The escapement also sets the machine's speed limit. Trip, print, release, land: the cycle has to finish before the next letter needs it, and a fast typist can outrun it, which produces the skipped and piled characters that repair manuals treat as a routine complaint.^[12] Mechanical typebar machines topped out around a thousand characters per minute.^[7] The limit was never the typist's fingers.

The Return

The carriage walks left tooth by tooth until the page runs out. Two things happen near the end of the line, both mechanical, both audible.

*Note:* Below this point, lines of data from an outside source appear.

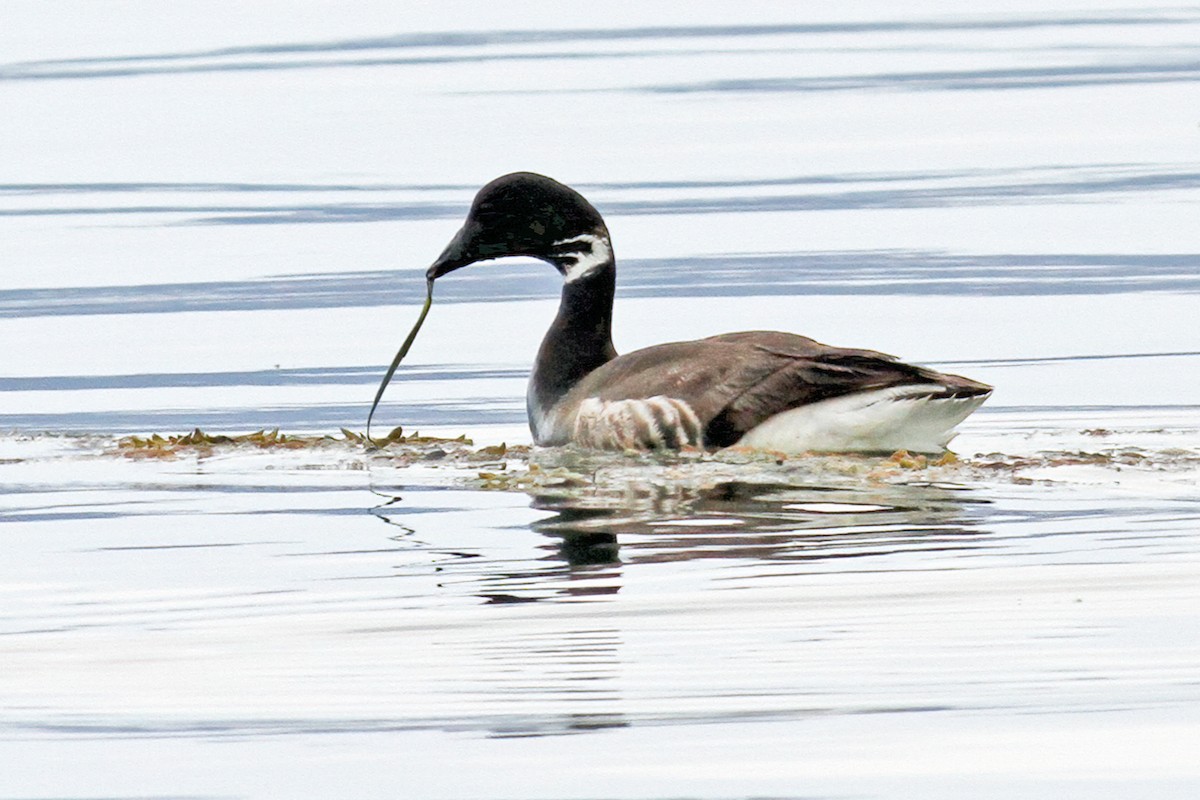 Bernache cravant (nigricans) - ML620514332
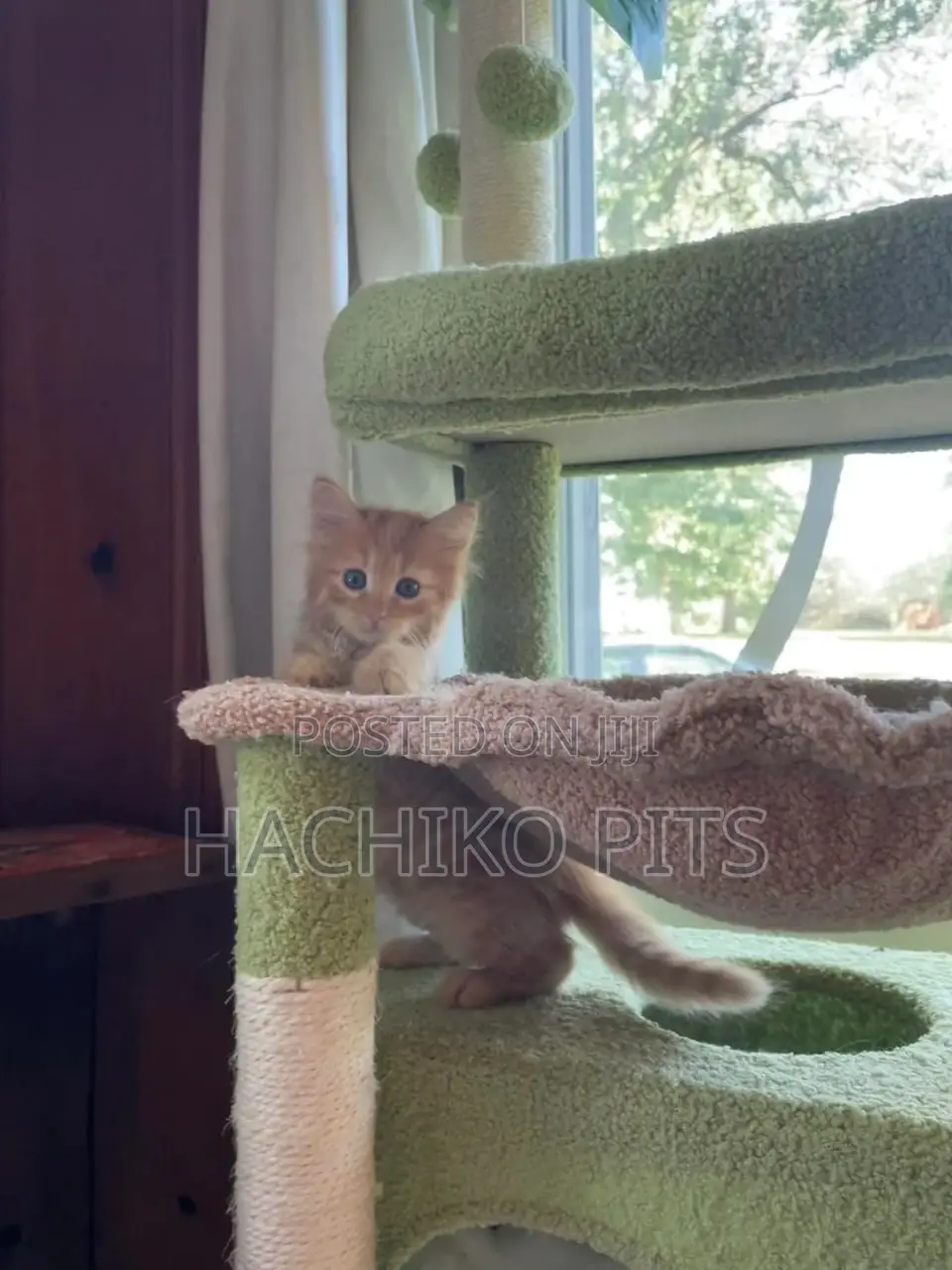 1-3 months Male Purebred American Shorthair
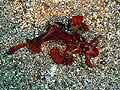 Weedy scorpionfish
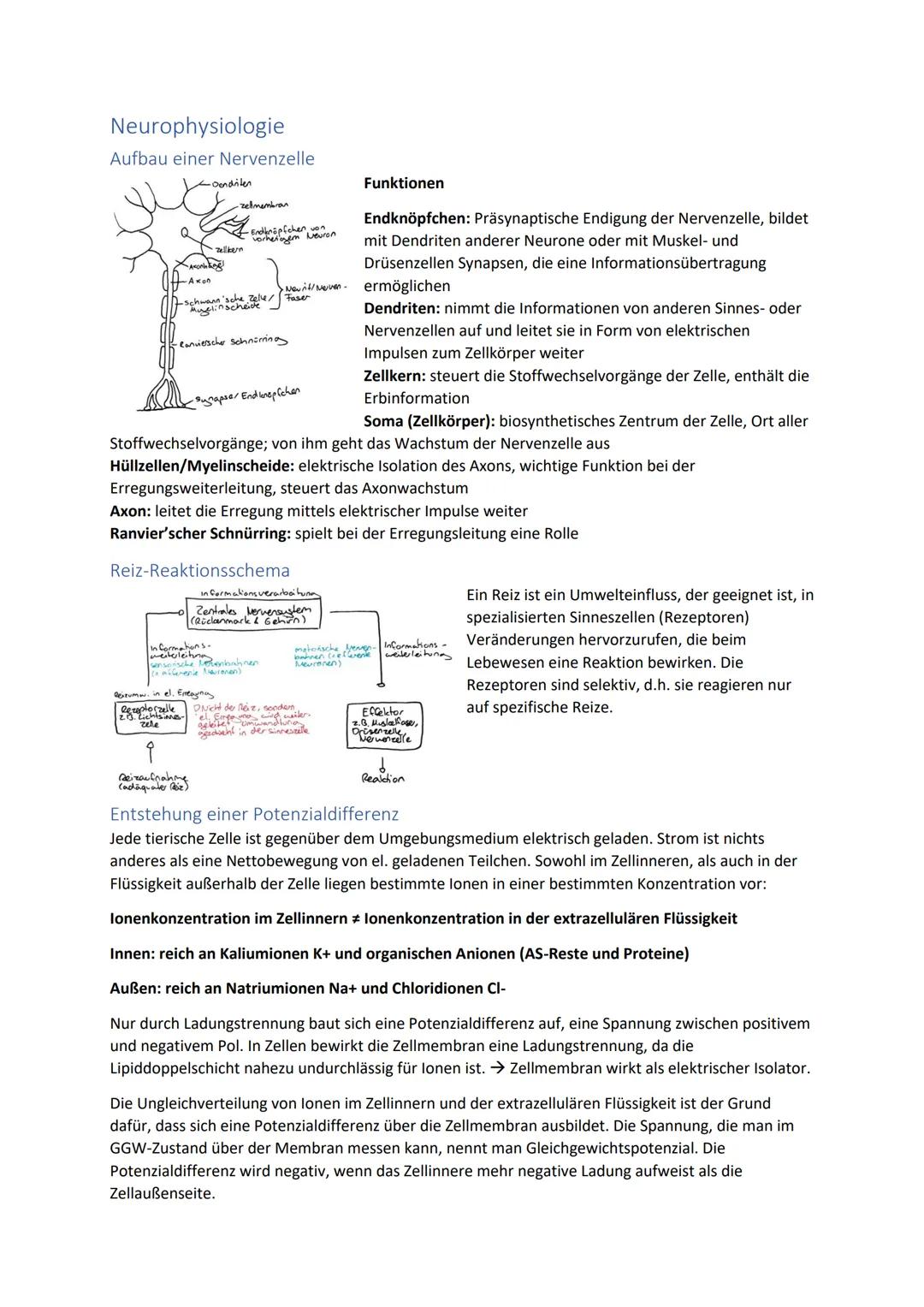 Biologie Zusammenfassung für das schriftliche Abitur
Inhalt
Basiskonzepte...
Oberflächenprinzip.
Kompartimentierung.
Zytologie.....
Untersuc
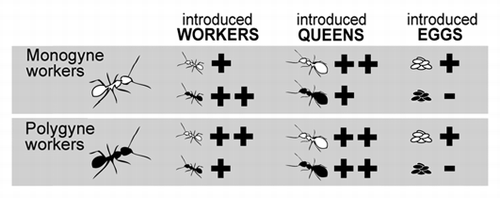 Figure 1 The social origin of workers, queens and queen-laid eggs significantly influences the level of aggression they receive from foreign conspecific workers from (white) monogyne and (black) polygyne colonies in the ant Formica selysi. Workers' aggressiveness is (+) high, (++) very high or (−) non-significant. Results are detailed in references Citation1, Citation11, Citation12 and Citation20.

First the bell rings, several spaces before the margin, an early warning fired by a bail on the margin stop. Then, five to eight spaces later, the machine simply refuses: a lock bar rotates under the keylevers and the keyboard goes solid.^[3] No dialog box, no autocorrect. The machine physically declines to type past the edge of the paper.

The big lever on the carriage undoes everything in one throw. Scrub it below: the first part of its travel rotates the platen against a ratchet, feeding the paper up one line, and the rest of the throw shoves the carriage back to the right.^[2] Watch the spring drum on the left while the carriage travels home.

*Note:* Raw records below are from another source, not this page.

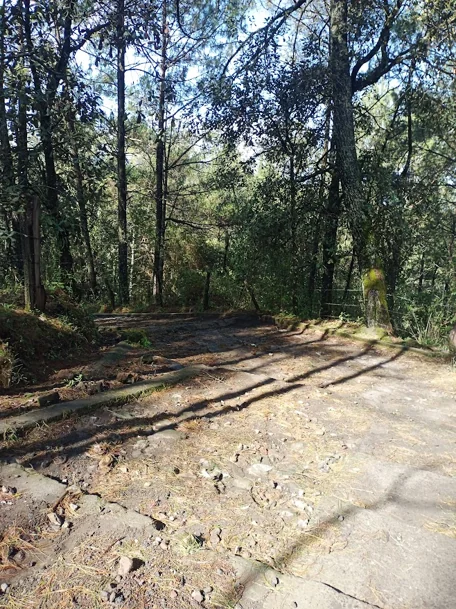 Paricutín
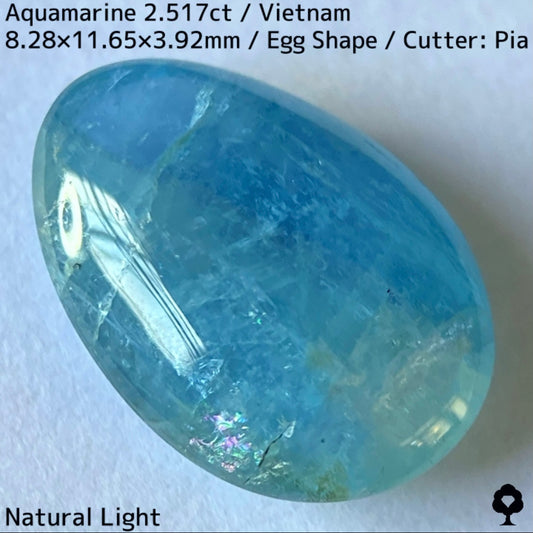 Aquamarine 2.517ct / Vietnam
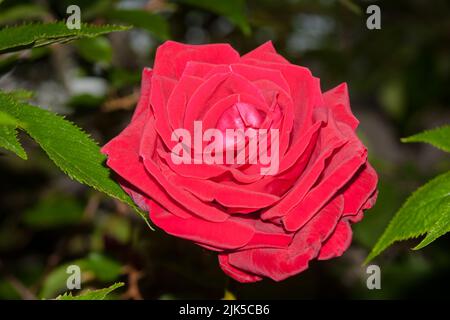 Ein Blick auf das Leben in Neuseeland: Eine wunderbare rote Rose, die in meinem biologischen, essbaren Garten wächst: Essbare Blütenblätter und junge Triebe und wunderbarer Geruch. Stockfoto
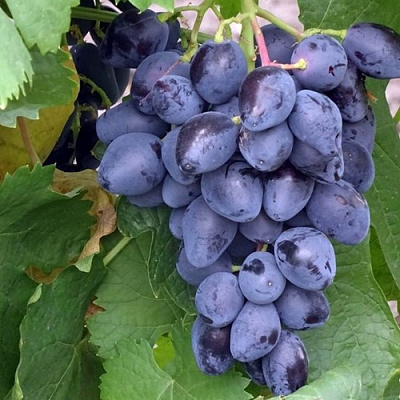 Виноград РОМБИК в Петропавловске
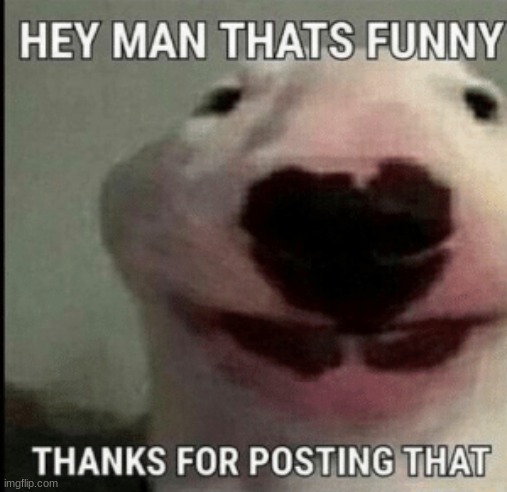MAN | made w/ Imgflip meme maker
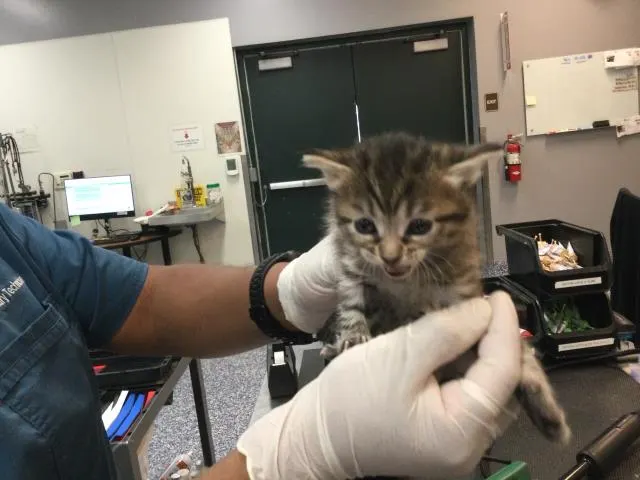 Adoptable Cat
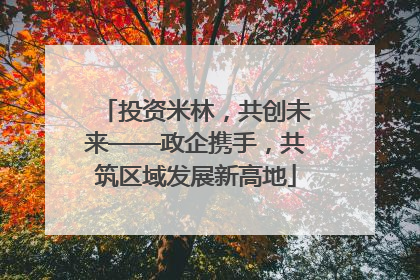 投资米林，共创未来——政企携手，共筑区域发展新高地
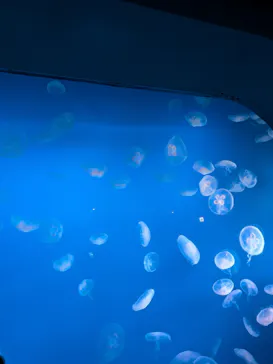 新江ノ島水族館に投稿された画像（2026/5/6）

That shove is not wasted effort. Pushing the carriage home winds the drawband back onto the spring drum, re-tensioning the mainspring with interest collected from your forearm. Every line you type is paid for by the return stroke before it.

One more key deserves its mechanism: backspace. It runs its own pawl to the escapement and walks the wheel back one tooth, stepping the carriage right one character width. That is the entire feature. Nothing is erased, because the ink is already in the paper; whatever you strike next lands on top of what is there. Real corrections meant an eraser, correction fluid, or typing xxxx straight over the mistake. Try it in the playground below: backspace over a letter and strike another, and you get the honest overstrike a typist would recognize.

Type Something

The whole machine, then. Typebars, basket, segment, ribbon, vibrator, escapement, mainspring, bell, lock, return. Turn the sound on; the strikes, the bell, and the return are recordings of a real 1960s Brother Charger 11 manual typewriter.^[14] Type fast and you will jam it. Type to the margin and it will stop you.

If you want more room, the studio button opens the machine full screen: type a whole page, switch between a century of models (an 1868 prototype in walnut and brass, the 1915 standard, a 1955 seafoam portable, a 1972 office machine), and export what you typed, either as the page itself or as plain text.

There is a particular satisfaction in reaching the bottom of a machine. Not the gist of it, not a serviceable analogy, but the actual parts, in order, with nothing left standing in for the words "and then it works." We get that satisfaction less and less. The things we use have grown too deep to see the floor of, and most of them were built so we would never have to. The typewriter still lets you reach the floor, and there is a strange comfort in standing on it, even if the only thing you ever type is your own name to watch the carriage step left.

The model is a few thousand lines of TypeScript driving one kinematic chain, every part built from primitives with nothing scanned or imported. Where I could check it against a 1944 repair manual I did, and that manual is far better reading than it has any right to be.^[2] If you find a mechanism it gets wrong, tell me.